Caplan RA, Posner KL, Ward RJ, et al. Anesthesiology. 1990;72:828-33.
A retrospective analysis of the American Society of Anesthesiology Closed Claims Study, this article describes the types of adverse outcomes for which claims were filed. The authors report that three mechanisms of injury (inadequate ventilation, esophageal intubation, and difficult tracheal intubation) accounted for three-fourths of the adverse respiratory events. They further describe the median costs of settlements awarded, characteristics of events in which care was deemed substandard, and claims in which the outcome was considered preventable. The authors advocate for a better understanding of respiratory risks and methods to more quickly collect data upon recognition of an adverse outcome.
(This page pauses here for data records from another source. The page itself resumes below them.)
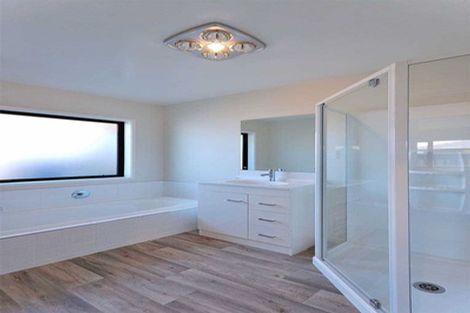 Photo of property in 32 Wallingford Crescent, Rolleston, 7615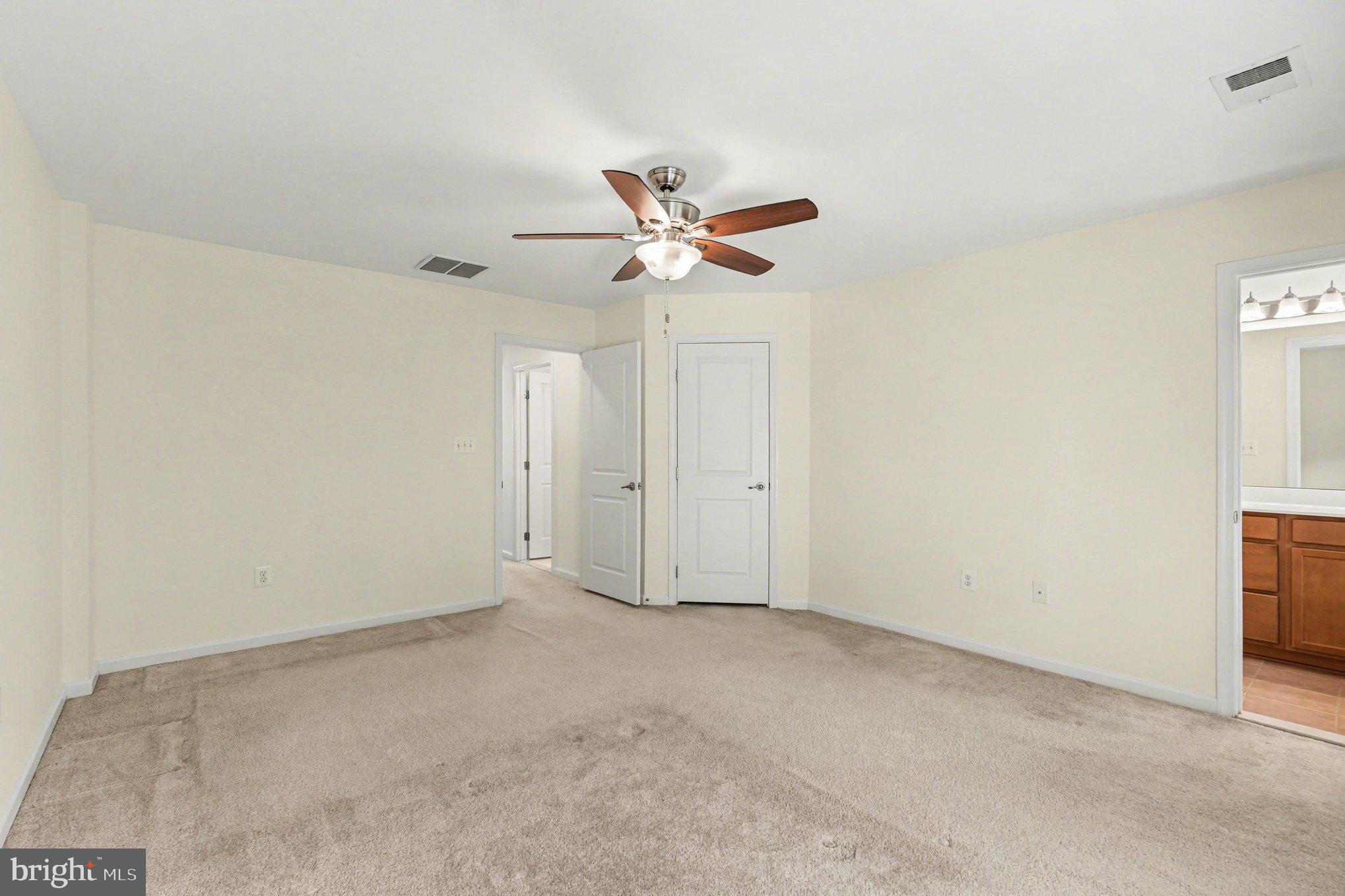 LAFAYETTE CROSSING - Residential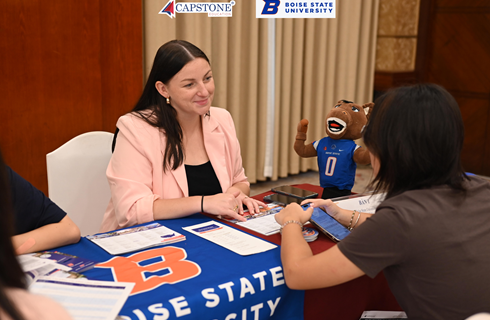 Boise State University – Đại học nghiên cứu đổi mới tại trung tâm công nghệ Idaho (Mỹ)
Caplan RA, Posner KL, Cheney FW. JAMA. 1991;265:1957-60.
The authors report a controlled trial to investigate whether knowledge of the severity of the outcome of a medical adverse event can influence expert judgment of its preventability. The authors obtained 21 standardized case abstracts in anesthesiology representing eight recognized classes of anesthetic complications. For each case, the authors prepared a matching case identical in every way, with the exception that if the true case resulted in mild reversible injury, the matching case was made to result in severe irreversible injury and vice versa. When reviewed by an expert panel of experienced anesthesiologists, the care in cases with a severe outcome was approximately 30% more likely to be judged as substandard in comparison with the identical case with a favorable outcome. The authors discuss the known weaknesses of expert review and implicit judgment and the implications of their data for quality assurance and other forms of care review.